К моменту приема в кандидаты (кандидатство все же неформально рассматривалось как принадлежность к ВКП(б), кандидаты имели право участвовать во всех мероприятиях партячейки с совещательным голосом), Коротков уже прошел ступеньки помощника оперуполномоченного, а затем и оперуполномоченного Иностранного отдела ОГПУ, получив, наконец, заветный «мешок». Тут требуется некоторое пояснение. Каждый оперативный сотрудник ИНО и в самом деле получал небольшого размера мешок, сшитый из брезента невероятной толщины и прочности, вроде того, из которого шились куртки и брюки московских пожарных. По окончании рабочего дня сотрудник складывал в него все свои бумаги и документы. Незашитая сторона этого своеобразного сейфа имела несколько петель, через которые пропускалась стальная цепочка. Сотрудник затягивал горловину мешка этой цепочкой и запирал ее на секретный замок. Завершив эту процедуру, он сдавал мешок в канцелярию закордонной части и получал его обратно на следующее утро. Секрет замка был кроме владельца мешка известен только начальнику закордонной части.

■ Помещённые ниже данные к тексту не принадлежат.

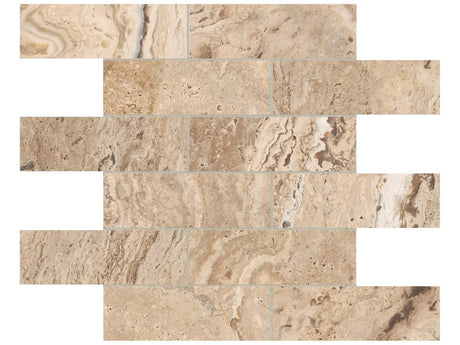 Anatolia Tile 2X6 Antico Classic Matte Porcelain Brick Mosaics. 1 Sheet = .96 Sq. Ft. 4501-0006-0 (63-469) Classic Brick 2x6 - premium natural stone mosaic tile from Anatolia Tile, available at PoshHaus showroom in Keene, NH
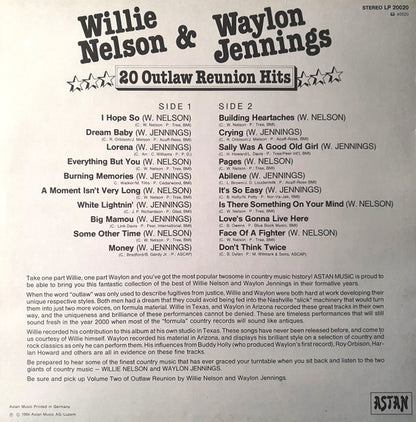 Waylon Jennings & Willie Nelson : 20 Outlaw Reunion Hits (LP, Album, Comp)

Как уже говорилось ранее, штат ИНО был в те годы совсем невелик, и руководство отдела не только по бумагам, но лично знало каждого оперативного работника, следило за его работой, на этом основании делало соответствующие выводы, намечало дальнейший служебный рост, место и формы использования на том или ином участке. За сравнительно недолгий срок Коротков пережил трех начальников отдела, причем, все трое были первоклассными профессионалами. Одним из них был уже упоминавшийся ранее Артузов, под руководством которого КРО провел, в частности, считающиеся ныне классическими операции «Трест» и «Синдикат-2».